I worshipped almost the entire day yesterday (one of the benefits of having a home office) until I found myself overwhelmed and weeping in joy at 1:00 am last night, unwilling to stop and go to bed.
I am finding different questions I’ve struggled with for years brought to mind, and I sense Him whispering that the answer is near.
My hunger for more and my peace in where He has me right now are simultaneously and paradoxically surging to new highs.
He is bringing to mind various spiritual experiences that He’s given me over the last 30 years of finding Him. I been given the interpretations of tongues… but it’s been a year or more since it happened and was only occasional before that. I once woke up in the middle of the night to hear Him saying, “Get up and praise Me” so I did… and what followed was the most mind-blowing and powerful hour and a half in His tangible presence that I have ever experienced. But that was a couple of years ago. He’s now whispering to me that these do not have to remain just occasional happenings… they can become my normal.
So last night I was sharing with my husband in that words-tumbling-out-I-can’t-keep-this-in-anymore sort of way.
And I think the entire week led up to these words that spilled out of me:
Sometimes we say how we wish we could walk and talk with Jesus and see Him and talk to Him face to face. And yet, Jesus said that it was to our advantage if He left so the Spirit could come. He said it was better for us.
And yet we still talk as though it would be better to see Jesus face-to-face. What arrogance! To think we know better than Jesus!
So what does this mean?
If it really is better to have the Spirit as we do now than to walk and talk with Jesus as the disciples did, then think of how much most of us today are missing!
It’s staggering how much we’re missing!
I sat there totally overwhelmed with that revelation.
I suddenly felt bereft. Because I suddenly realized that I’m missing out on something I was meant to have. Lots I was meant to have. Lots that God has for me. For you.
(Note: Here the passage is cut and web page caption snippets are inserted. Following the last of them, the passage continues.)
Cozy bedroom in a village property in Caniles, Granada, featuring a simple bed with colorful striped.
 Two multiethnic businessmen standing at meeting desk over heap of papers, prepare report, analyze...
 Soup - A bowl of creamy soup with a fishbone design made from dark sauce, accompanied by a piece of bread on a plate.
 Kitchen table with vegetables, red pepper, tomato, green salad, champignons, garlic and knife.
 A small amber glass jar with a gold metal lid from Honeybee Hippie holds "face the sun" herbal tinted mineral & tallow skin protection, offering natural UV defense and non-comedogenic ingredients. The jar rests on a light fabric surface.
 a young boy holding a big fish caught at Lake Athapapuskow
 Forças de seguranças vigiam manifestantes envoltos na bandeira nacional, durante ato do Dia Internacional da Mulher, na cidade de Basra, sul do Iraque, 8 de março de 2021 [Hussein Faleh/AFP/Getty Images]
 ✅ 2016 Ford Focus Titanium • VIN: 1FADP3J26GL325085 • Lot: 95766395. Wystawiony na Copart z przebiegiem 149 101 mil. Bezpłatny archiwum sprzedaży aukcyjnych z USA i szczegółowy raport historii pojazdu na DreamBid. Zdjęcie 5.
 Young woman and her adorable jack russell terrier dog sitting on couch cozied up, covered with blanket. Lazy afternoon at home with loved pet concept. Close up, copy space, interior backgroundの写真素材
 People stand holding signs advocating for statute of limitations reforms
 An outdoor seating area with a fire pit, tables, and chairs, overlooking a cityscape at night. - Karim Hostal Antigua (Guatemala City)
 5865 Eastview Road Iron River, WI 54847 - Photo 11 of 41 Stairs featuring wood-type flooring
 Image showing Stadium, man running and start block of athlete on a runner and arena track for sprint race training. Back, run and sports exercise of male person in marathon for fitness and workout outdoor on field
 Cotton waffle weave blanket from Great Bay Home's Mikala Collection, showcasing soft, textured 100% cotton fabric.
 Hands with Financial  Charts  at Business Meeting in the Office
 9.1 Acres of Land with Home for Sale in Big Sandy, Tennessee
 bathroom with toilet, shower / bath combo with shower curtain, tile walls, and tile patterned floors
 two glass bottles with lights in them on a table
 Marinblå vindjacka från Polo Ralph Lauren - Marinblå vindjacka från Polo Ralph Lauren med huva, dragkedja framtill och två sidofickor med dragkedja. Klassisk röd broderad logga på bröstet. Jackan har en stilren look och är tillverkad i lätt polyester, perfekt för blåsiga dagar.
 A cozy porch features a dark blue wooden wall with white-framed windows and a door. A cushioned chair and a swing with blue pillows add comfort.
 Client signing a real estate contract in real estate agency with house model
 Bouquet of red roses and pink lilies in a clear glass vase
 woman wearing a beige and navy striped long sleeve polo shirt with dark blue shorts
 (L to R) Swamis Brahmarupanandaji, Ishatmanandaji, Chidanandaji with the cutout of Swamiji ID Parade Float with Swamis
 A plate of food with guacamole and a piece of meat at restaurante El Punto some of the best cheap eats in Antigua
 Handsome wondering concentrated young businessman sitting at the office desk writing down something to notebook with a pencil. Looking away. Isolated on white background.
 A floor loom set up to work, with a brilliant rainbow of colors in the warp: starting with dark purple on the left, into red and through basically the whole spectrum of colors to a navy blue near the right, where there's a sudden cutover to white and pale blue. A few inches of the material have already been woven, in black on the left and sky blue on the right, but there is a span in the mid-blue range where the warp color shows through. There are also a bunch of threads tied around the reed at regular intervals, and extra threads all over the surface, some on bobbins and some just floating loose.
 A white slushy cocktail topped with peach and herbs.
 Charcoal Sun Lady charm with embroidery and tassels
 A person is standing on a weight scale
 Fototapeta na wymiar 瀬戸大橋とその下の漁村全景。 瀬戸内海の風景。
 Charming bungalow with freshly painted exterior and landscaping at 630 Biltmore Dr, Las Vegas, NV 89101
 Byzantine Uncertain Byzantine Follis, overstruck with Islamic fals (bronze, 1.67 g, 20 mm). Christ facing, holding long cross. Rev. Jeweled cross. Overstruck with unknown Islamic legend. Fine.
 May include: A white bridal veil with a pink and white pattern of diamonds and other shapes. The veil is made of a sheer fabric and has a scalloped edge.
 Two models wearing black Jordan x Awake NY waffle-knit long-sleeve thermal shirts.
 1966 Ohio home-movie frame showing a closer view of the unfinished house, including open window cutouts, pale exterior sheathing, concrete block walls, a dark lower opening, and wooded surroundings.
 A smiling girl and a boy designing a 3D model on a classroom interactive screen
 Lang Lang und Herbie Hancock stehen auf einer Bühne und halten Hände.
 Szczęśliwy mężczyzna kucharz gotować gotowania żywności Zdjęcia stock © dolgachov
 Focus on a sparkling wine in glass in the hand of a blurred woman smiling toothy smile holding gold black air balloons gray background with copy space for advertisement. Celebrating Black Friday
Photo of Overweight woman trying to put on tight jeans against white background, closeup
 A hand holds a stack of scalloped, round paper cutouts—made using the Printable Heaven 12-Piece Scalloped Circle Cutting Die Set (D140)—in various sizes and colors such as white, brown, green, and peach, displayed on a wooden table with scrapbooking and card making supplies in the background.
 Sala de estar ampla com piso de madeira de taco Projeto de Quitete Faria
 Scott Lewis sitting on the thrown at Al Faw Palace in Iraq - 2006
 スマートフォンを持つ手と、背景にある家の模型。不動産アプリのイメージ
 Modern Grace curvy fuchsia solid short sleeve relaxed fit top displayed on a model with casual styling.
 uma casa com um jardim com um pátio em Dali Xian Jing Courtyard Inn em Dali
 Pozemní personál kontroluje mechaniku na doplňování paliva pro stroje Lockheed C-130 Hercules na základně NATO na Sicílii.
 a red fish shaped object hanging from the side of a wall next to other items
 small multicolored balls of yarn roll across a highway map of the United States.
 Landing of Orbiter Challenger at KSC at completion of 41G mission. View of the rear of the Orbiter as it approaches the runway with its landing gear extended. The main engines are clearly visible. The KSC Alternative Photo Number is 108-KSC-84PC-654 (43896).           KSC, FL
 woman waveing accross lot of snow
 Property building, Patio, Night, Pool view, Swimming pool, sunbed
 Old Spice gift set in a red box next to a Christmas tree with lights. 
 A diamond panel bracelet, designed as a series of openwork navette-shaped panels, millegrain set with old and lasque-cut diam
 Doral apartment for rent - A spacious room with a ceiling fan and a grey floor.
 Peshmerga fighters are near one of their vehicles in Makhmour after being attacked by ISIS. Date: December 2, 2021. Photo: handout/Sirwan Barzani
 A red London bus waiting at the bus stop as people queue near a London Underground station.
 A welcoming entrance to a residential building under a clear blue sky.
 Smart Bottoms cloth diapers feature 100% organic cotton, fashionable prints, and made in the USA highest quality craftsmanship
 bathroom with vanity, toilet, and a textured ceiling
But my God finishes what He starts. He would not show me this vista of amazing-ness without arranging for the grace that will lead me into it…where the fear of the Lord opens the door to the secrets of the Lord… and permits me to understand and partake of the ways of His Spirit… and keeps me safely humble and submitted… for I know that to embark on a discovery of More without humility and the fear of the Lord is horribly dangerous. Because the more blessing and favor I see in my life… the more life-changing revelations I receive… the more supernatural experiences I have… the greater the temptation to pride becomes. I cannot explain how much my soul trembles at the thought of discovering the reality of what God has shown me this week… and then becoming proud over it! It’s almost enough to make me want to back away. The danger is so great, for I know how weak I am when it comes to pride. And yet the yearning in my soul for that More is so strong that I cannot resist His call to “Come and trust Me.”
And so I will go. I will throw myself upon His grace to keep me humble. I will rely on His Spirit to teach me the reality of everything He gave me a glimpse of this week. I will continually ask for His grace to obey each direction He gives me and rest in His mercy when I stumble. I will quiet my trembling soul before Him, and shaky step by shaky step, I will embark on the path that I now see around the corner.
Will you join me?
With arms held high
Lord, I give my life
Knowing I’m found in Christ
In Your love forever
With all I am
In Your grace I stand
The greatest of all romance
Love of God my Saviour….
I love this post Katie. This part really hit home for I have succumbed to pride so many times.
"I cannot explain how much my soul trembles at the thought of discovering the reality of what God has shown me this week… and then becoming proud over it! It's almost enough to make me want to back away. The danger is so great, for I know how weak I am when it comes to pride."
PLEASE GO FOR IT. "for the Father seeketh such to worship him."